A Process of Elimination

“I think you must tell me,” Dr. Hailey said in gentler tones, “exactly what happened between your husband and yourself.”

Oonagh had recovered her self-possession but her busy fingers still plucked at the thyme.

“Eoghan told me about his loss,” she said.

“Did he come straight to your bedroom?”

She gazed in front of her, at the brown sails of a pair of herring-boats which were lying becalmed far out in the loch.

“No.”

“He went to Miss Gregor's room before he came to you?”

“Yes.”

“He told you that he had been to her room?”

“Yes.”

Her voice was scarcely audible. Dr. Hailey watched her for a moment and then asked:

“He told you that her bedroom door was locked?”

“Yes.”

“And that, though he had knocked at the door, she had refused to open it?”

“He said she hadn't opened it.”

“Nor answered him?”

“He said she hadn't answered him.”

“Was she a light sleeper?”

“Very light.”

“So he thought she hadn't answered him because she was angry with you?”

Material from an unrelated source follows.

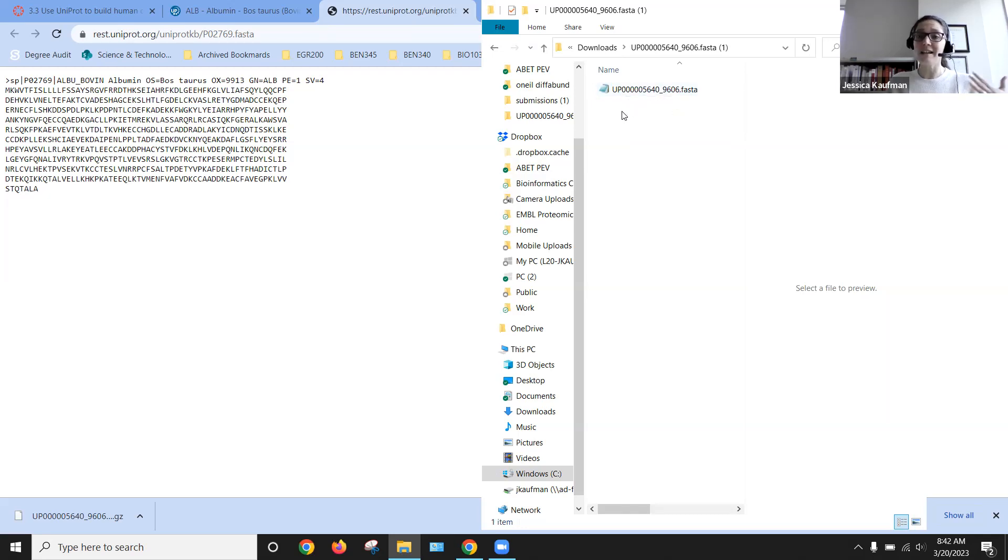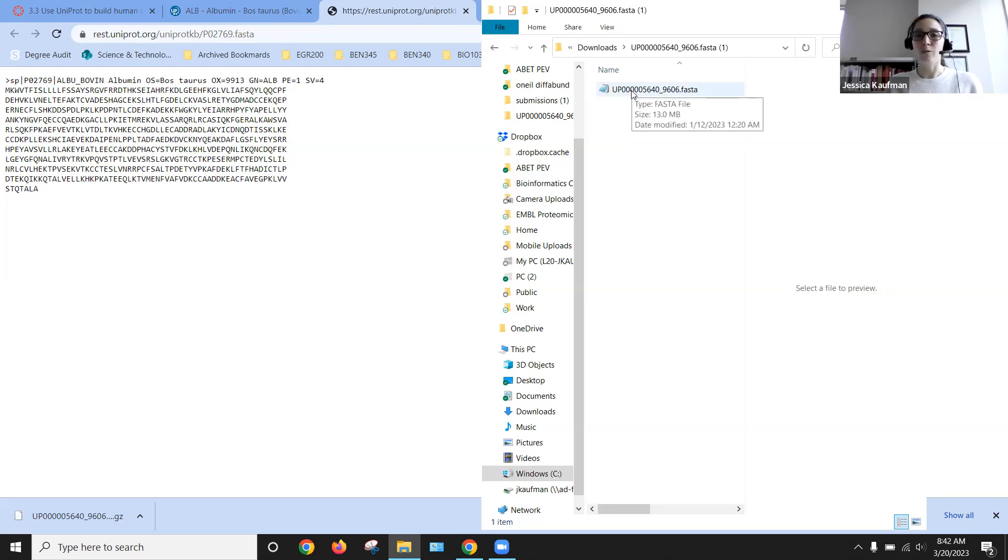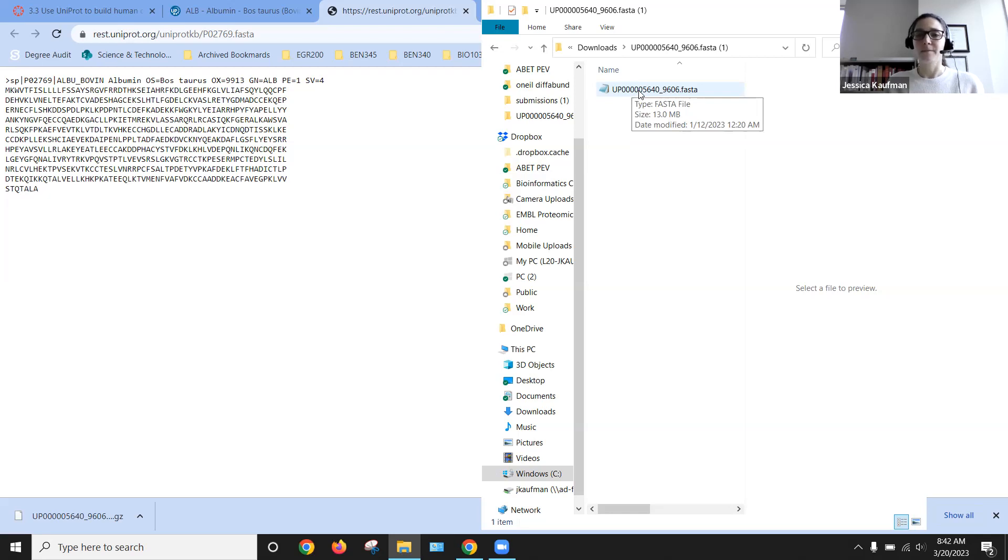And then we can open it up in any text editor. So you can download a text editor that you would use for writing code, something like Sublime or Notepad++. Or you can just open this up with tools that are already on your computer. So for PC, that would be Notepad. For Mac, it would be TextEdit.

The girl drew a sharp breath.

“Yes.”

“He was angry with you?”

“He was upset.”

“Did you tell him that you had decided to apologize to your aunt?”

“Yes, I did.”

“Well?”

“He was too upset to…to believe me. He…said I had ruined him…” She turned suddenly. “I had told Dr. McDonald about Eoghan's losses and he offered to lend me money. Eoghan was upset about that too…”

She broke off and covered her face with her hands.

“You mean that such an offer from such a quarter aroused your husband's suspicions?”

“My aunt had written to him.”

“Telling him that you were in love with McDonald?”

“Hinting at it.”

The doctor's eyes narrowed.

“The fact that he found Miss Gregor's door shut against him and the fact that you had received an offer of money from McDonald, taken together, convinced him that he had been correctly informed?”

“Yes, I think so.”

“He accused you of being in love with McDonald?”

“Yes.”

“And then?”

She raised her head; he saw that she was trembling.

“He was so dreadfully distressed.”

“He didn't try to excuse himself for his gambling, then?”

“Oh, no.”

Dr. Hailey hesitated.

“I kept my promise to you,” he said, “about those bruises on your throat. I've mentioned them to nobody. But I think that, now, you must tell me how…”

“Please, no.”

Oonagh's eyes quailed. She raised her hands suddenly, as if warding off an assailant.

“You promised complete frankness, remember.”

“I can't tell you.”

“That means that your husband inflicted…”

She covered her face with her hands.

“You mustn't ask me.”

He frowned slightly but did not pursue the subject.

“Tell me,” he asked, “didn't you think that it was strange that Miss Gregor had refused to answer your husband?”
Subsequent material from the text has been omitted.